As we are all too aware, the percentage of loans entering foreclosure is at its highest level in 55 years. According to RealtyTrac, there were 1.2 million foreclosures reported nationwide last year, up 42 percent from 2005. Many of these Americans going into foreclosure took out exotic adjustable rate and payment option loans which are now resetting to new, much higher monthly payments. Many of these consumers never understood how these loan products worked or how high their payments would be once these loans reset.

The Mortgage Disclosure Improvement Act of 2007 would for the first time require that the maximum payment that a consumer has to make on a mortgage be disclosed, not only at application, but also seven days before closing. If these disclosures are not made or are made inaccurately, then lenders will be subject to statutory damages. In addition to requiring lenders to disclose the maximum payment under the loan, they will now have to provide consumers who apply for adjustable rate or variable payment loans with a warning that the payments will change, depending on the interest rate.

In addition, this bill would require lenders to give firm disclosure regarding the terms of the mortgage not only within three days of application for the loan, but also at least seven days before closing. Lenders also will now need to include a statement that the consumer is not obligated on the mortgage loan just because they have received the disclosures. This will give consumers the opportunity to truly shop around for the best mortgage terms for the first time ever.
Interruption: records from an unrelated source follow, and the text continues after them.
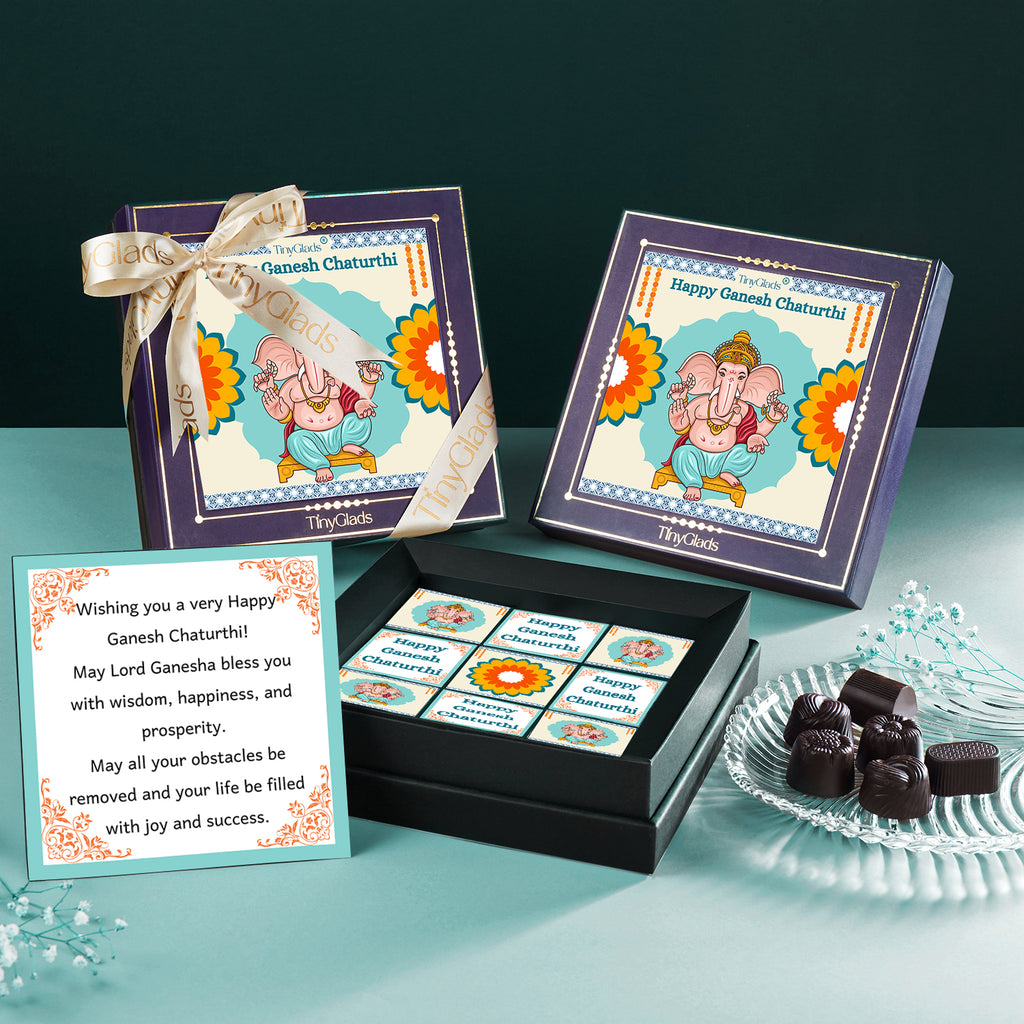 Ganesh Chaturthi Gourmet Truffle Box – 9 Handcrafted Truffles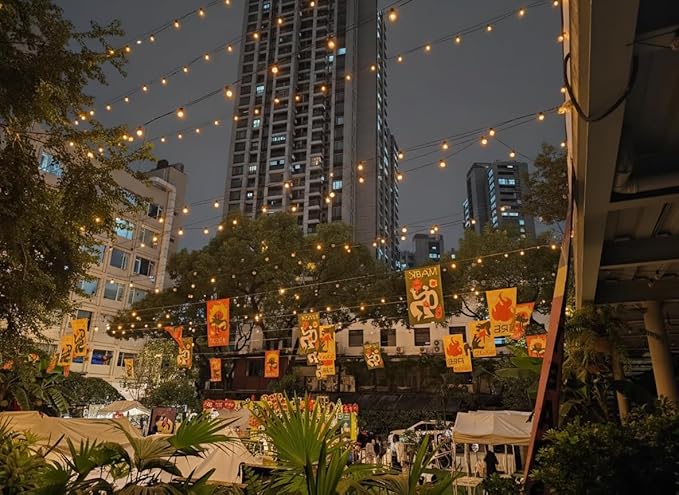 RTTY Outdoor String Lights 100 FT, Patio Lights with 52pcs Plastic G40 Globe Bulbs, Shatterproof Waterproof Connectable for Cafe Bistro Backyard Balcony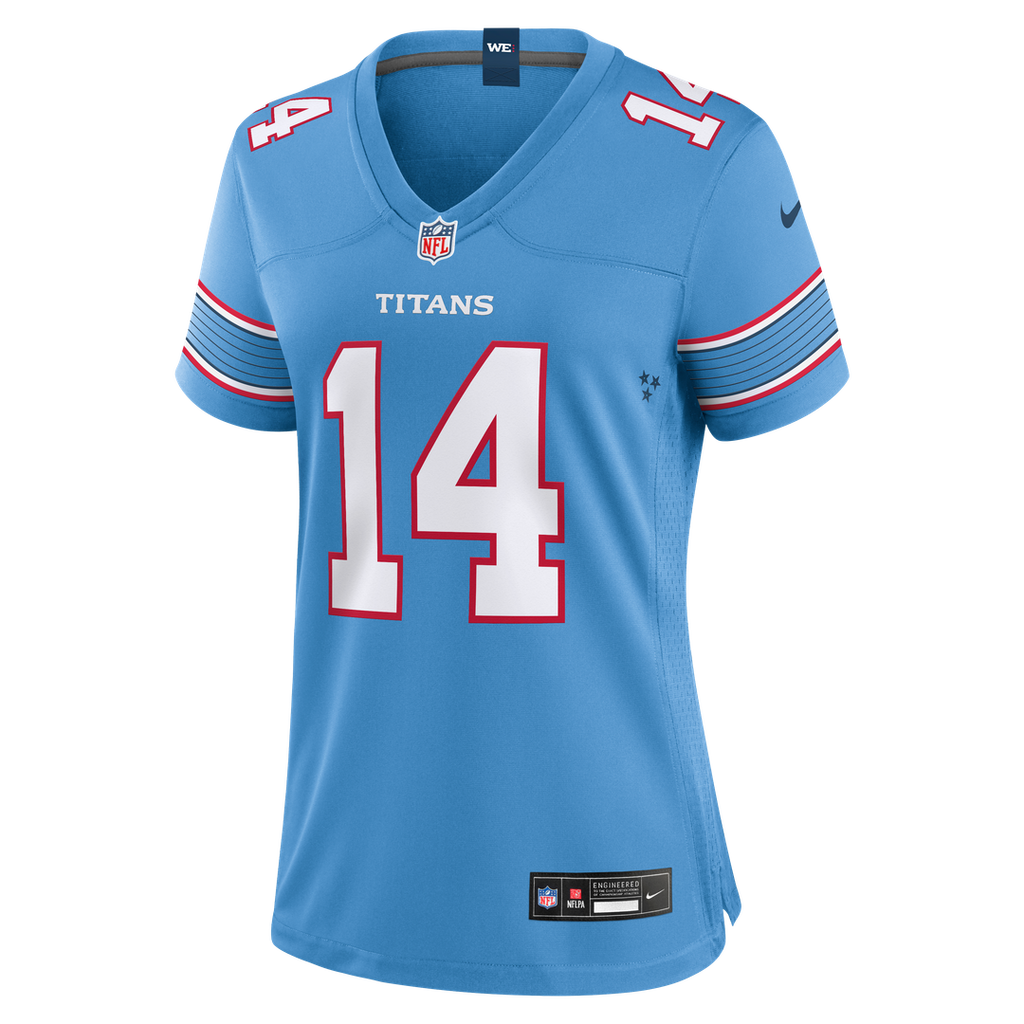 Carnell Tate Tennessee Titans Nike Women's Team Game Official Jersey - Light Blue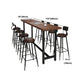 Pine Wood Bar Dining Table Industrial Rectangle Bar Table with Trestle for Cafe Clearhalo 'Bar Furniture' 'Bar Tables' 'bar_tables' 'furn' 'furn_bar_tables' 'Furniture' 'furniture_bar_tables' 'Kitchen & Dining Furniture' 1200x1200_12167278-cbb0-468a-8897-67bd3d0b2c6d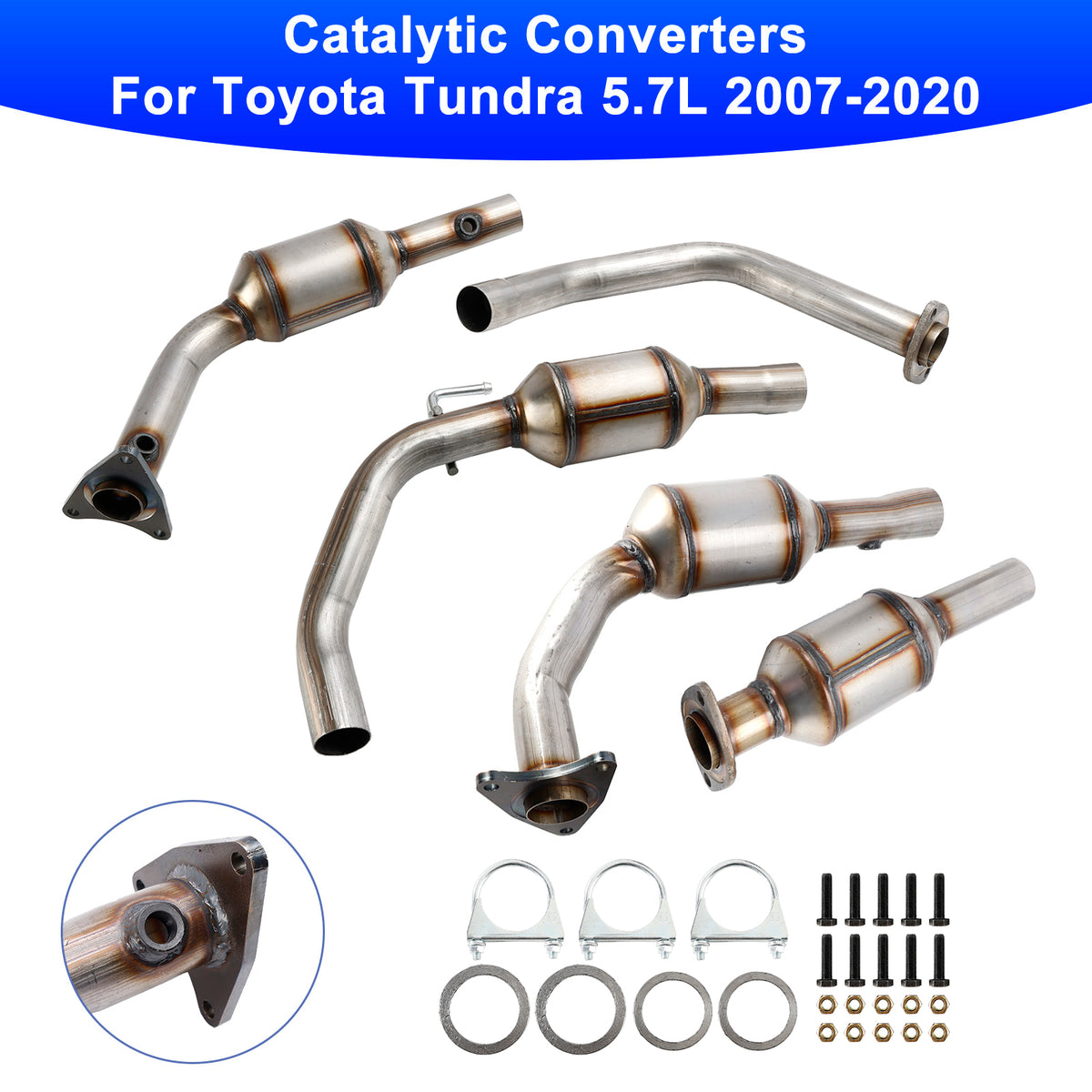 Both Side Catalytic Converters For Toyota Tundra 4.6L & 5.7L 2010-2017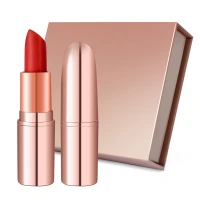 High Quality Matte Lipstick Waterproof Long Lasting 8 pcs set Color Cosmetic Romantic lipstick for wholesale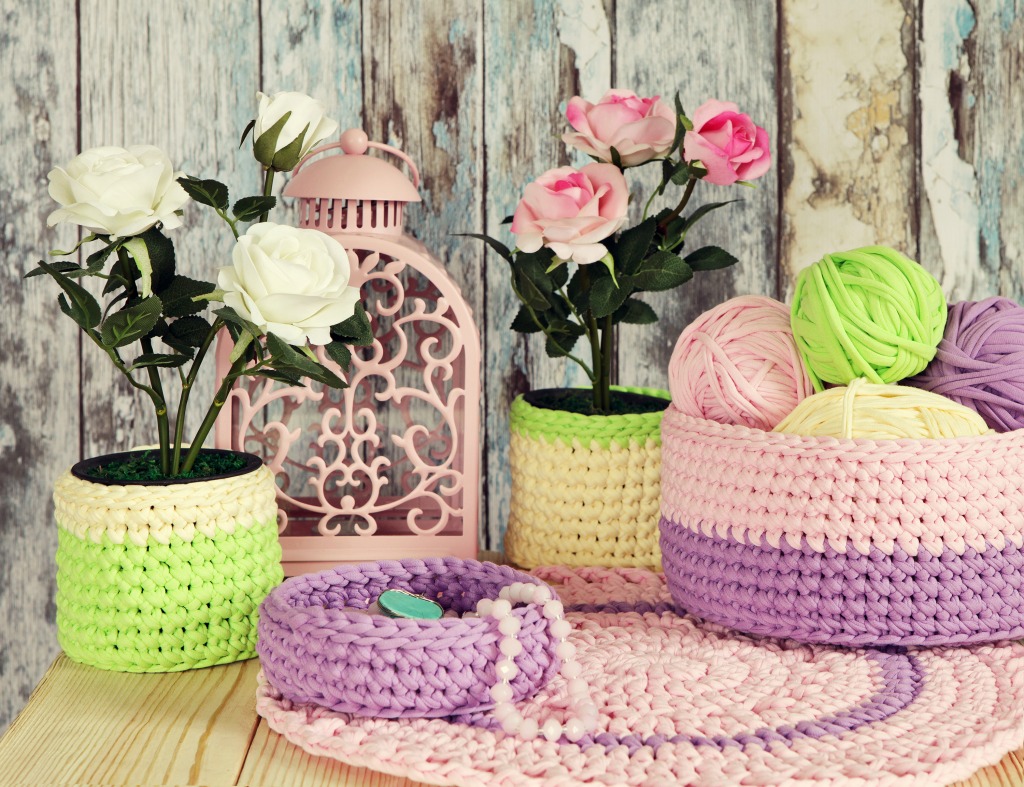 Crocheted Decor jigsaw puzzle in Handmade puzzles on TheJigsawPuzzles.com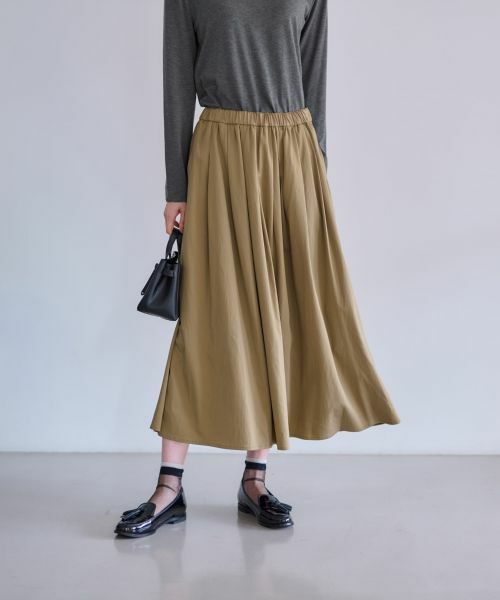 CARA O CRUZ / キャラ・オ・クルス ミニ・ひざ丈スカート | ウエストゴム ギャザーフレアスカート | 詳細11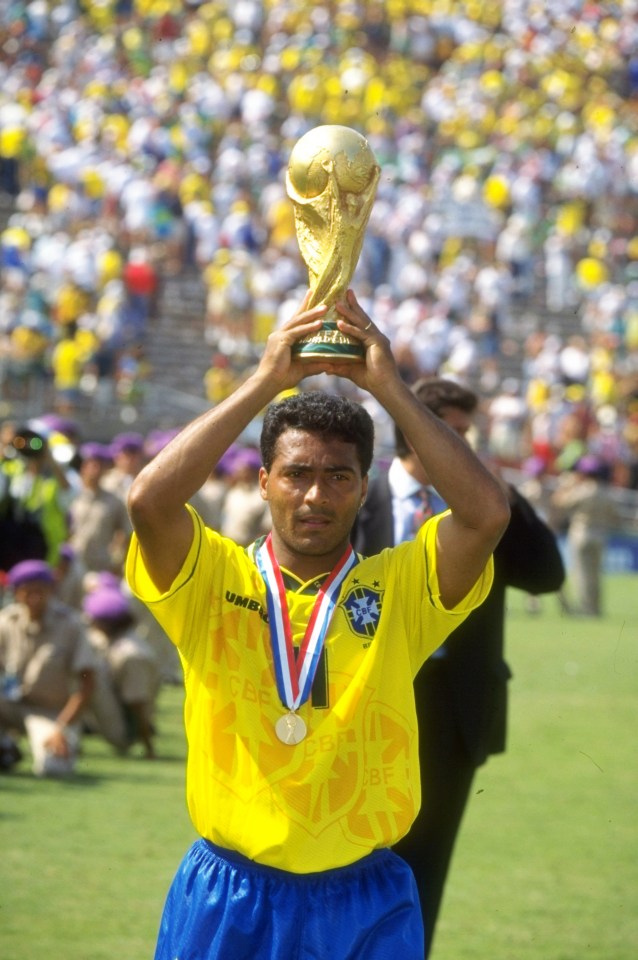 Romario is one of Brazil’s greatest ever players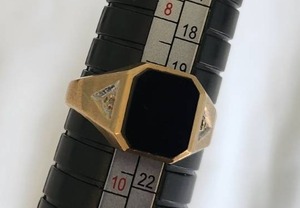 lot 29 image: Gold with Black Onyx and Possibly Diamond Accents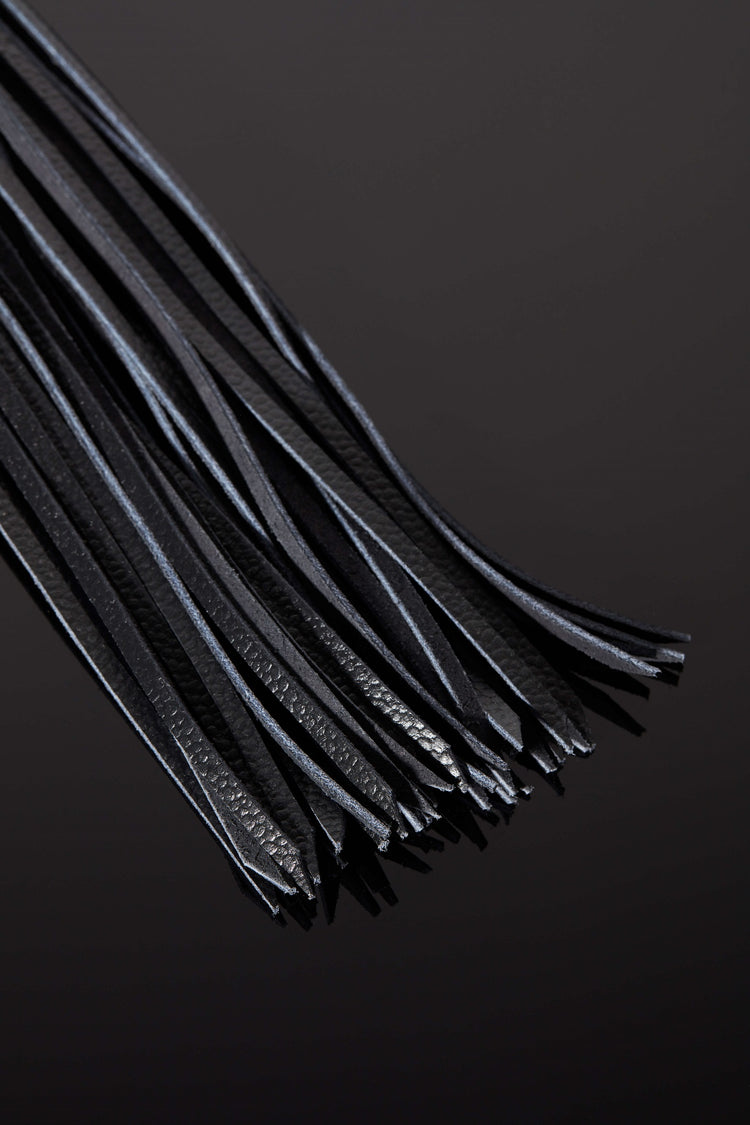 House of SXN Luxury Leather Bondage Vega Glass Flogger Ends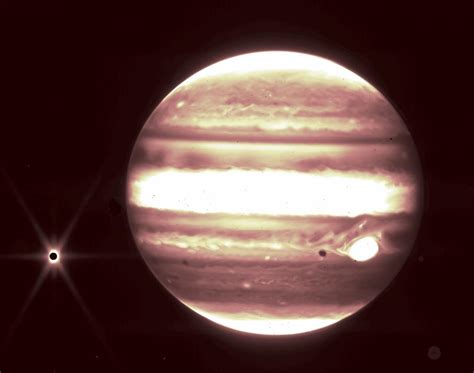 NASA's Webb telescope captures Jupiter's faint rings, Great Red Spot ...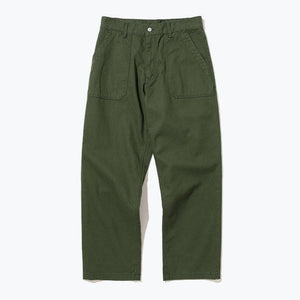 Uniform Bridge - COTTON FATIGUE PANTS WIDE FIT - KHAKI - Cotton Fatigue Pants Wide Fit - Khaki - Main Front View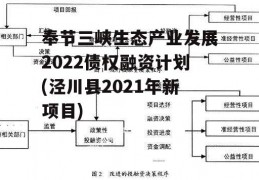 奉节三峡生态产业发展2022债权融资计划(泾川县2021年新项目)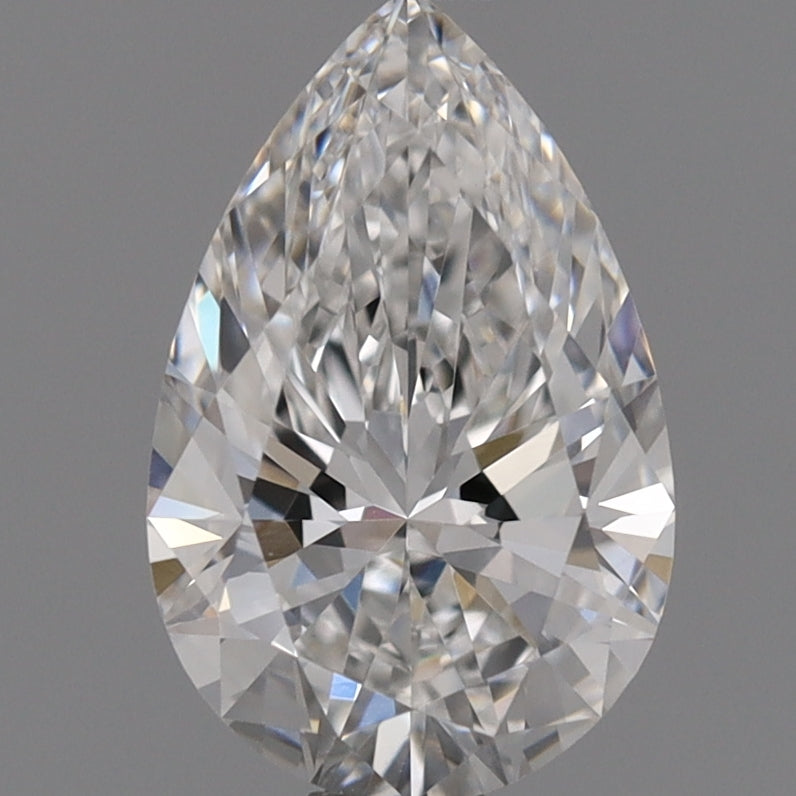 Diamante coltivato in laboratorio 1,07 ct, a pera, D, VVS2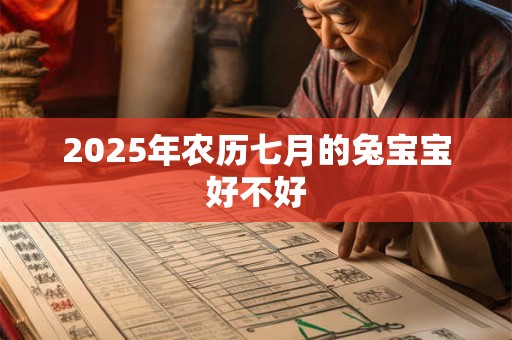 2025年农历七月的兔宝宝好不好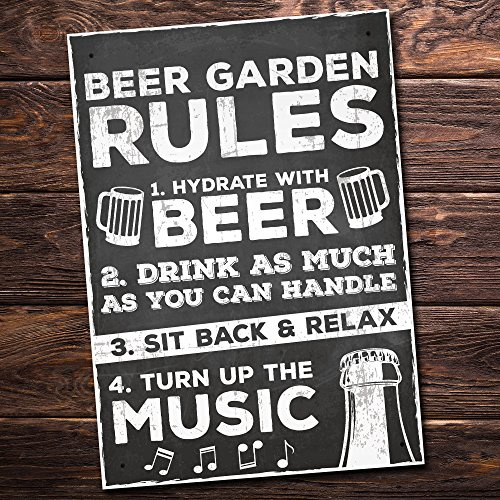 Red Ocean Beer Garden Sign Hanging Wall Pub Garden Shed Plaques Alcohol Friendship Man Cave Gifts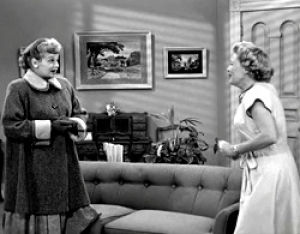 i love lucy,lucy,vintage,excited,classic,lucille ball,vivian vance,ethel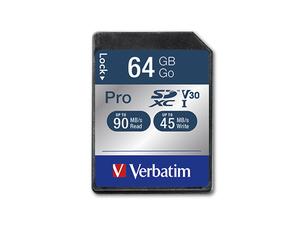 Verbatim Pro 64 Go SDXC UHS Classe 10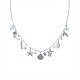 COLLANA A CATENA CON CHARMS MARINI E PERLINE COLORATE - FFJ25116C613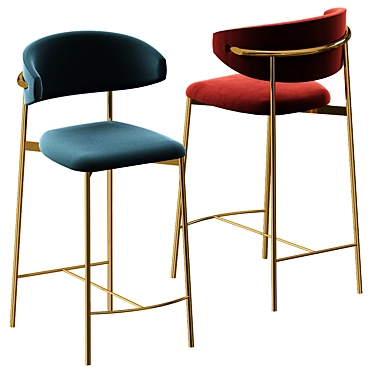 Modern Elegance: Calligaris Oleandro Chair 3D model image 1 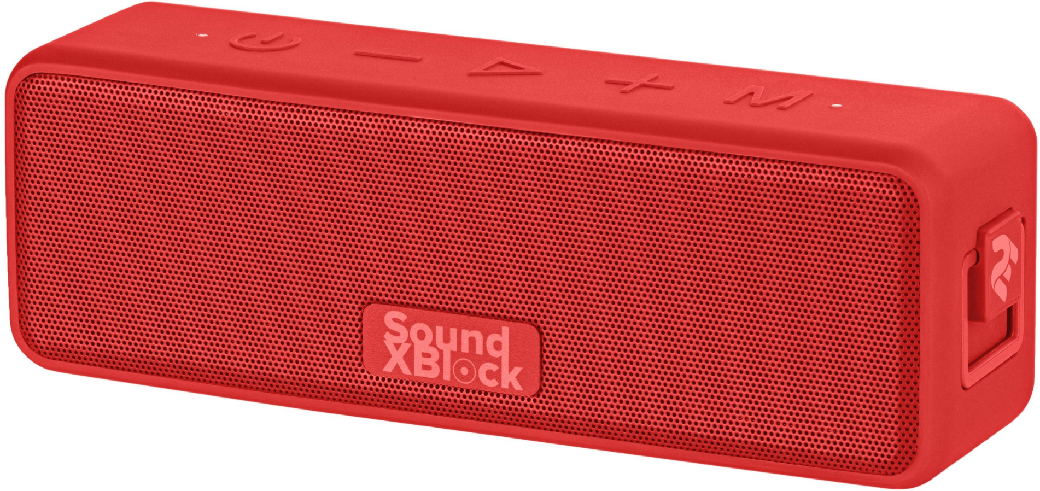 Портативная акустическая система 2E SoundXBlock Waterproof Red 2E-BSSXBWRD - фото 4 - id-p101442900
They will be able to compare the payments and costs associated with a certain loan product, and decide not to sign on the dotted line if they do not like the basic terms of the loan.

Finally, the bill clarifies that lenders are subject to statutory damages for violations of Truth in Lending disclosure provisions, increases the damages for mortgage violations from $2,000 to $5,000 per violation, and requires that mortgage disclosures be made within the stated time frames.

The increasing rate of foreclosures across the country is troubling. Not only are individual families losing their homes and their financial nest eggs, but there is a negative ripple effect across communities and the economy. Although improved TILA disclosures are only a small part of what Congress needs to do in the upcoming year, I believe that giving consumers the information they need regarding the maximum payments they might have to pay under the terms of a loan is an important and vital part of improving the process. Borrowers need to better understand the full financial impact of entering into a particular loan early in the loan decision process, and also before they actually consummate the loan. I hope my colleagues will join me in supporting this bill and other efforts to help improve the mortgage financing process.

Mr. President, I ask unanimous consent that the text of the bill be printed in the Record.